Summary: 2009 was a transition year in politics. Now we wait to see how it will affect 2010.

2009 was truly an interesting year to observe as the nation transitioned out of the Bush Era and into the Obama years.

The year was marked by three issues: the economy, healthcare reform, and the war in Afghanistan. Occasionally we came across other issues including the torture debate, gay marriage, and climate change.

And as the year dragged on with little improvement on any of the big issues Americans are concerned about, President Obama and the Democratic majority in Congress slipped considerably in the polls.

But for campaign people, there were other big developments that largely went unnoticed to the typical American. The ever-growing presence of New Media kept strategists and operatives glued to their computers as they watched for how these advancements could help their work. One New Media tool in particular was Twitter and its importance (or at least perceived importance) in politics.

And then there were the elections…

Campaigns in 2009

While there were only a handful of races in 2009, they were followed vigorously by political-junkies for the importance they might have in the midterm elections next year and the American political landscape for the Obama Era.

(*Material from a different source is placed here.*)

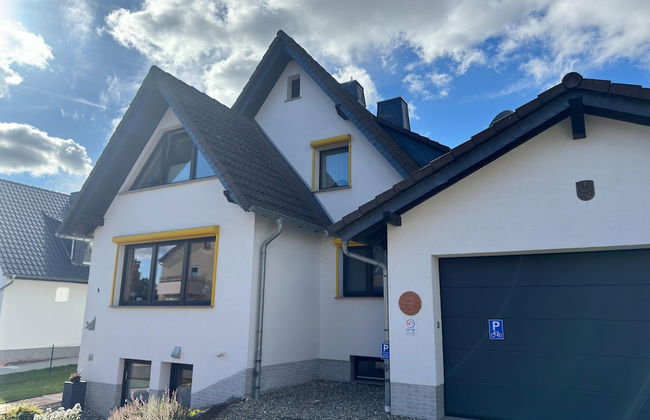 Wohnung in Frankenberg fur Radfahrer - Foto 20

First up were the elections in New York City, where last year’s decision to extend term limits significantly shook up a lot of political dreams. Incumbents held on to 38 of 51 City Council seats and Mayor Michael Bloomberg managed to squeak by an unexpectedly tough re-election to earn a third term.

Then there were the Democratic defeats in New Jersey and Virginia. The electorates in these states were not happy with the budgets passed in the wake of the recession, and voted in some of the first GOP governors in those states in a long time.

That same day, voters approved a referendum in Maine that re-banned gay marriage after the State Legislature and governor approved the unconventional arrangement earlier this year. This upset indicated that the electorate appeared to be on the side of the LGBT community, but still privately opposed same-sex marriage.

There was some light at the end of the tunnel for liberals. A bizarre upset in upstate New York - as well as a somewhat expected victory in California - delivered additional Democrats to the House of Representatives. This indicated that while Democrats were facing a lot of pressure at the state level, Americans were still a little more confident in the Democratic Party than the far-right Republicans on the federal level.

Of course, politics is still a bad spectator sport, and it’s impossible to make any definite predictions based on what we saw this year going into 2010.

Looking Ahead to 2010

The other political trend this year was that of pundits, political-junkies, and political professionals trying to get a sense of what to expect for 2010. The implications of several national debates - particularly on healthcare - are sure to have an impact on the midterm elections, but what that impact will be is still unknown.

We did see the rising Tea Party phenomenon, which taught us that Reaganism has not died out and conservative activists are as fired up as ever. It also showed us how important astroturfing will be in coming years.

But while the conservative base is ready for a fight, the liberal base of the Democratic Party is not happy. Democrats now control the White House and both houses of Congress with large margins, but still can’t seem to get important work done. Nowhere has this been clearer than with the healthcare debate. This may be the biggest trouble facing Democrats in 2010 - a liberal base that stays home on Election Day.

Ultimately, however, the healthcare debate was the issue of 2009 and it may not be next year. A healthcare bill of some sort is likely to pass by February, and when it happens it may get more public support than it has now. The economy and job growth in particular will be a huge issue going into next year’s elections. If the economy improves by September, Democrats may be able to hold on to enough seats in Congress and the State Legislatures to maintain political dominance over the next decade. If the stimulus and jobs bills fail, however, it could mean a Republican resurge.

All of the trends mentioned today will have some impact on 2010, and political professionals would do well to take all these implications into account as they map out their plans and strategies for the upcoming year.